MeMooMeM wrote:
Mathias Gaunard-2 wrote:
You should write a proper testcase and provide your platform, so that people have a chance to reproduce your results.
That's right. I prepared a toy code as you suggested, but it works just fine (?!). When I use the same structure inside my code, it segfaults. It is most probably due to some messed up memory section. Still it is strange that I get no segfaults (also no detected errors by valgrind) using STL's map...

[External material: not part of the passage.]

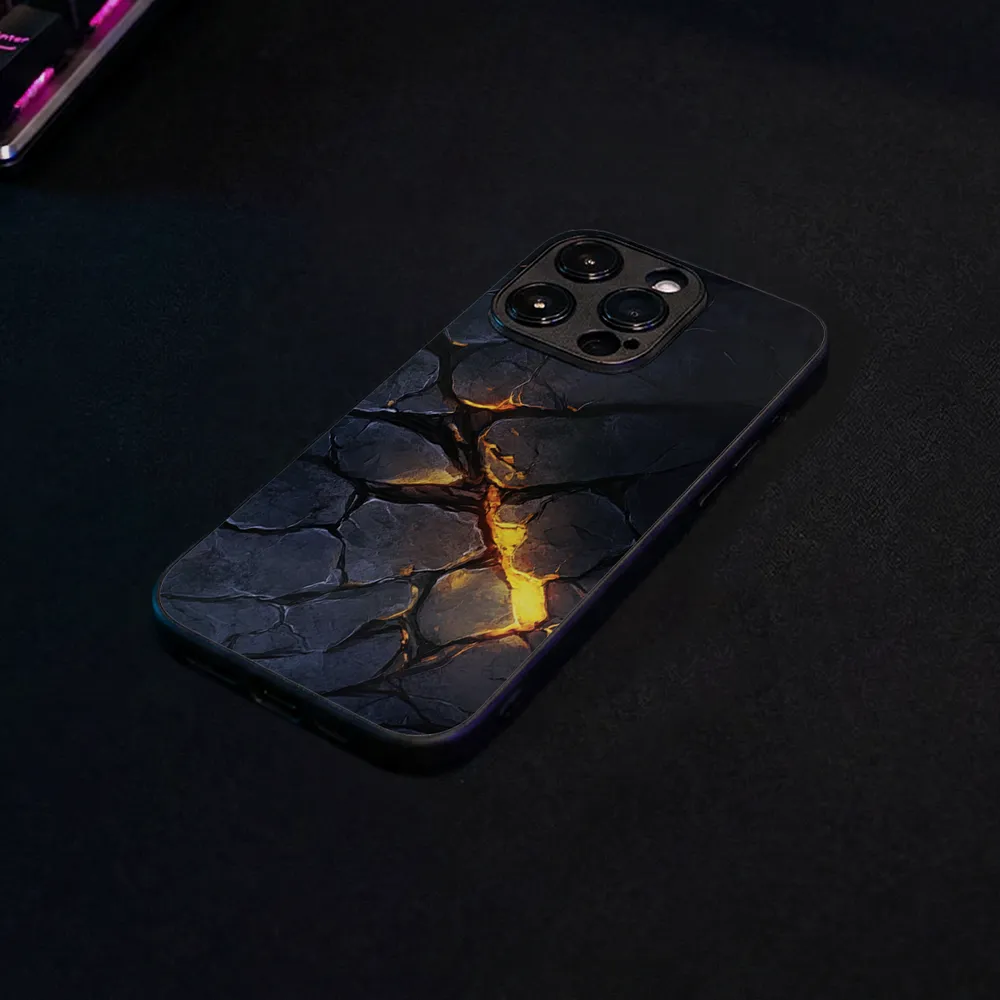 Glass Phone Case Fiery Rift - Image 7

Everyone, please ignore this post until I find a proper way to demonstrate the problem.
Thanks!
OK, mystery is solved. Here's what happened, in case someone else has this problem: I was *not* using the standard for loop, as in: for (Map_t::iterator it = somemap.begin(); it != somemap.end(); it++) because I was erasing elements from the map, which is known to mess things up if a for loop is being used. Instead, I was using a while loop and incrementing the iterator in a more controlled way: somemap.erase(it++); which erases the element but still returns correclty incremented iterator. However forgot to check for the case: (it++ == somemap.end()) in the while loop, hence the segmentation faults. Thanks again! -- View this message in context: http://www.nabble.com/Unordered-map-copy-segfaults%21-%28STL-map-does-not%29... Sent from the Boost - Users mailing list archive at Nabble.com.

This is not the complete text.